L’histoire regorge d’exemples de régimes et de groupes rétrogrades qui ont promu des cris de guerre dépassés sur la solidarité et la défiance, exportant ce message à travers la région. Finalement, ils ont révélé leurs problèmes internes et leur incapacité à assurer la stabilité. Traiter avec de tels régimes exige un cadre diplomatique réaliste, évitant de surestimer leur influence ou de se fier à leurs déclarations politiques.
En revanche, les pays qui ont investi dans des capacités défensives et des partenariats internationaux ont préservé leur stabilité et apporté la prospérité à leur peuple. La sécurité repose aujourd’hui sur un système intégré de puissance, d’alliances et de capacités technologiques, et non sur des mots d’ordre idéologiques. Ceux qui en sont dépourvus finissent par devenir les victimes des crises régionales.

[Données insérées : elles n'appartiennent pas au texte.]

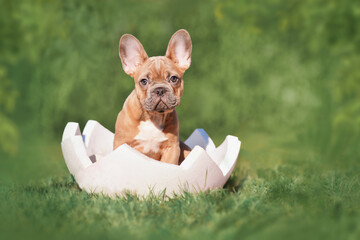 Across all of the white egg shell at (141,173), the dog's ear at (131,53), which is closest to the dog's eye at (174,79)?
the dog's ear at (131,53)

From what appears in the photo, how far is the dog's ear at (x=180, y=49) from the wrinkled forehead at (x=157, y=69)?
0.39ft

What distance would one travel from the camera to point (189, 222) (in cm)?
210

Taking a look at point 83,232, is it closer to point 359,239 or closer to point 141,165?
point 141,165

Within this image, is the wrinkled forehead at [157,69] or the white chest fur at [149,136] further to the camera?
the white chest fur at [149,136]

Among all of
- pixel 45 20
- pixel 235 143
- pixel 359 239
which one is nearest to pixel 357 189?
pixel 235 143

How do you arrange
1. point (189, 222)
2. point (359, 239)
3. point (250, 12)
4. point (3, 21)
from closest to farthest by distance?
point (359, 239) < point (189, 222) < point (3, 21) < point (250, 12)

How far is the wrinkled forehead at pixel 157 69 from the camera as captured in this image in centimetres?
274

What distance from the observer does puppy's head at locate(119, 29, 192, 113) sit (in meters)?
2.64

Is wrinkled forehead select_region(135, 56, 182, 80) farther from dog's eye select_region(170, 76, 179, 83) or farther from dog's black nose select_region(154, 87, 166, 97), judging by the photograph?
dog's black nose select_region(154, 87, 166, 97)

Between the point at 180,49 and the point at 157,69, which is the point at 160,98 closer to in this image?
the point at 157,69

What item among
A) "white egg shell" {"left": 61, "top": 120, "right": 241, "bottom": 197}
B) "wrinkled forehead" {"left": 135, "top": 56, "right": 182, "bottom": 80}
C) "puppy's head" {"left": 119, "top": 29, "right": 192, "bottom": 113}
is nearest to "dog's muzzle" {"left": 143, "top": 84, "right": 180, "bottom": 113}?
"puppy's head" {"left": 119, "top": 29, "right": 192, "bottom": 113}

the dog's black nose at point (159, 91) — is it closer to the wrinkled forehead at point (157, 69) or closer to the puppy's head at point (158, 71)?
the puppy's head at point (158, 71)

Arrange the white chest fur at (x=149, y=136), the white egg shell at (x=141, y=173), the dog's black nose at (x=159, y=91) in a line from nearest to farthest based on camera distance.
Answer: the white egg shell at (x=141, y=173)
the dog's black nose at (x=159, y=91)
the white chest fur at (x=149, y=136)

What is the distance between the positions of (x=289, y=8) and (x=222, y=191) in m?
3.05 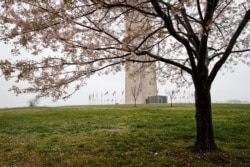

La sécurité du détroit d’Ormuz dépend, avant tout, de l’équilibre des forces dans la région. Ce passage, qui transporte une grande partie de l’énergie mondiale, a besoin d’un système de dissuasion permanent et de solides partenariats de sécurité internationaux. La protection de la navigation internationale repose sur la capacité réelle à maintenir la stabilité dans ce couloir vital, et non sur des slogans ou des déclarations sans objet.